===== Provided entries
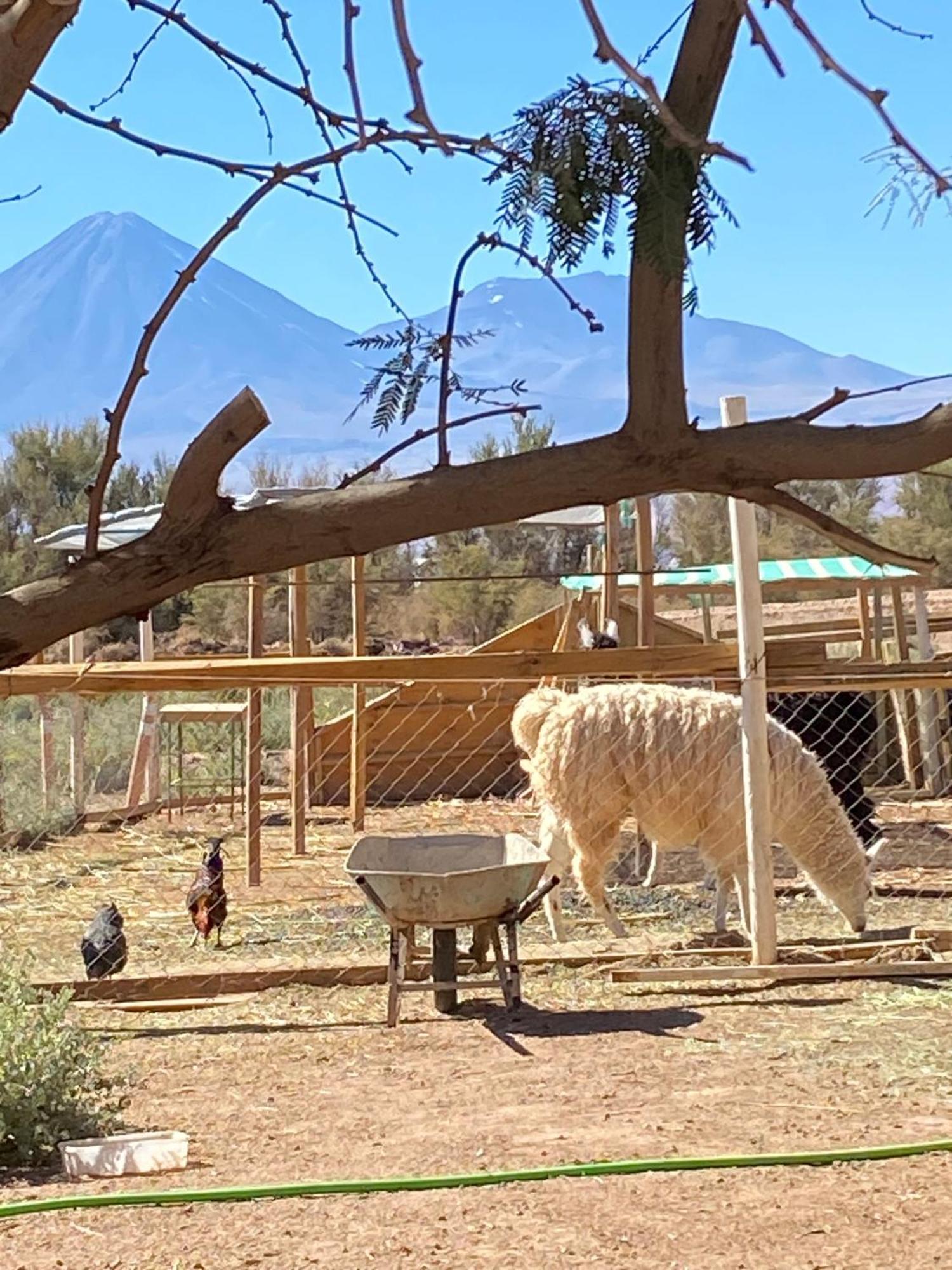 Cabanas Voyage Atacama San Pedro de Atacama Dış mekan fotoğraf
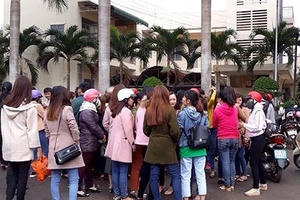 Huyện Krông Pắc lên tiếng sau sự việc hơn 500 giáo viên có nguy cơ mất việc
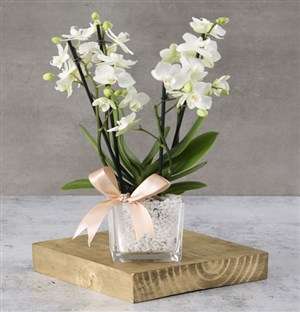 Soothing Midi Orchid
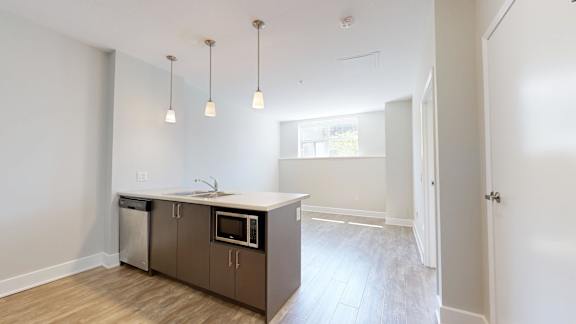 A kitchen with a dishwasher and microwave built into the cabinetry.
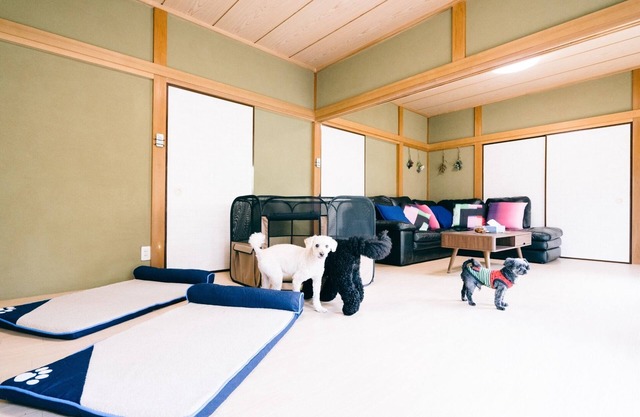 Detached private guest house with dog run nonsmo/Sambu-gun Chiba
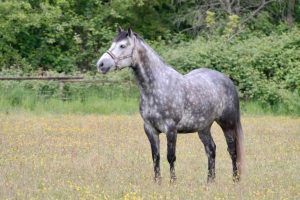 Dappled Horse tem uma pelagem que pode ser conquistada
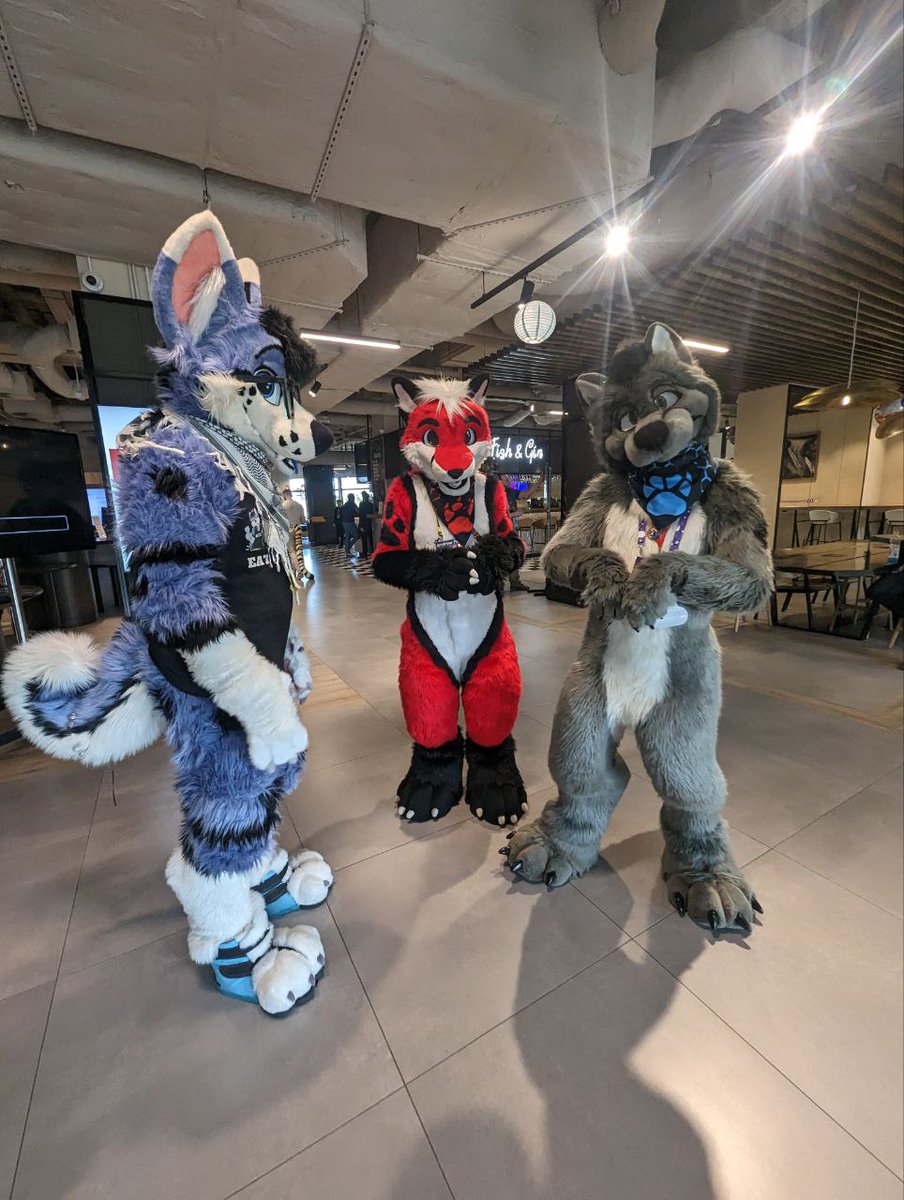 Here are some photos taken during <a href="/GdakonPL/">Gdakon</a> , but these are only a small glimpse of the intensity of this convention. Thank you to the organizers and above all thank you <a href="/RokkoWusky/">Rokko</a> <a href="/CodyShepherdCZ/">ℂ𝕠𝕕𝕪 𝕊𝕙𝕖𝕡𝕙𝕖𝕣𝕕 🐾❤️</a> @AkiThePup <a href="/Andrew_fox62/">Andrew Fox 🔜 NFC, FWH</a> <a href="/nadamefloof/">N a d i 🍪 (@nadamefloof.bsky.social)</a> <a href="/futratus/">Futratus Pospolitus🐾❤️ 🔜🇩🇪SSFD, East 12/13</a> for these moments together &lt;3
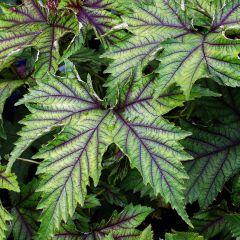 Filipendula Red Umbrellas - Moerasspirea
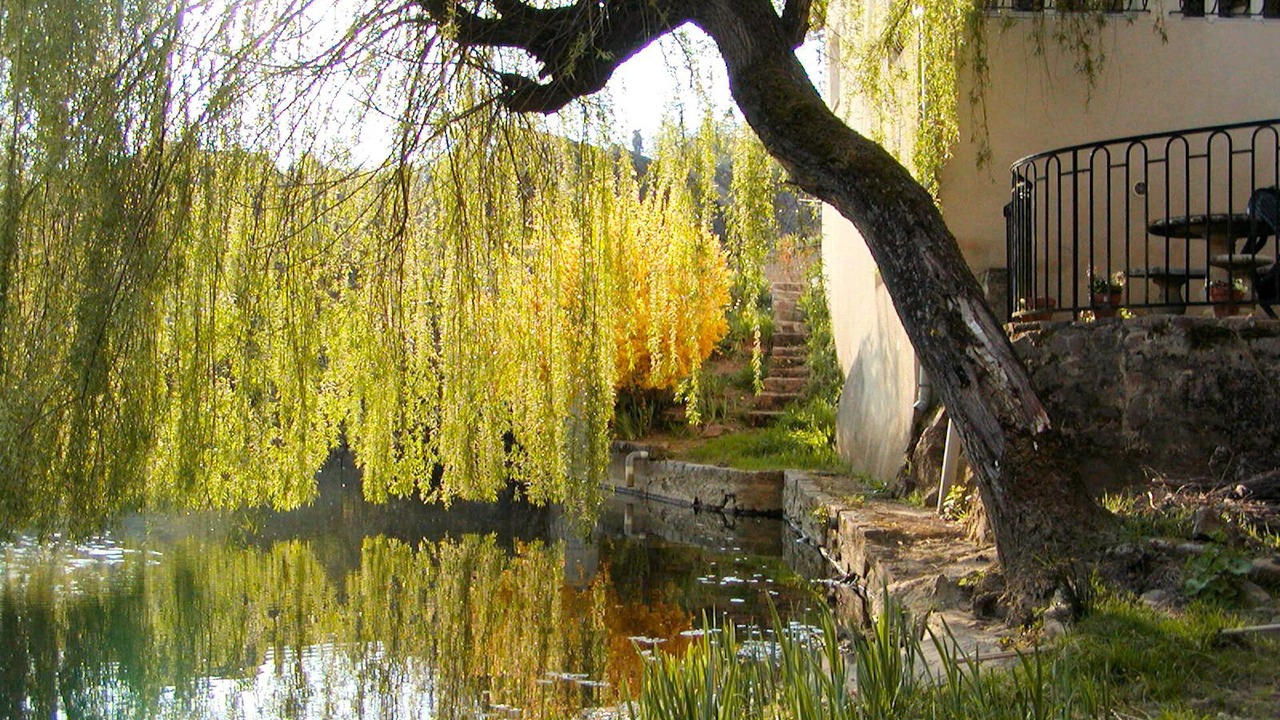 Photo of Others in Semur-en-Auxois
==========
§ Required work
Copy the lines above exactly, starting with the line that contains "Soothing Midi Orchid" and ending with the line that contains "Dappled Horse tem", and leave out any pictures.

§ Problem solution
 Soothing Midi Orchid
 A kitchen with a dishwasher and microwave built into the cabinetry.
 Detached private guest house with dog run nonsmo/Sambu-gun Chiba
 Dappled Horse tem uma pelagem que pode ser conquistada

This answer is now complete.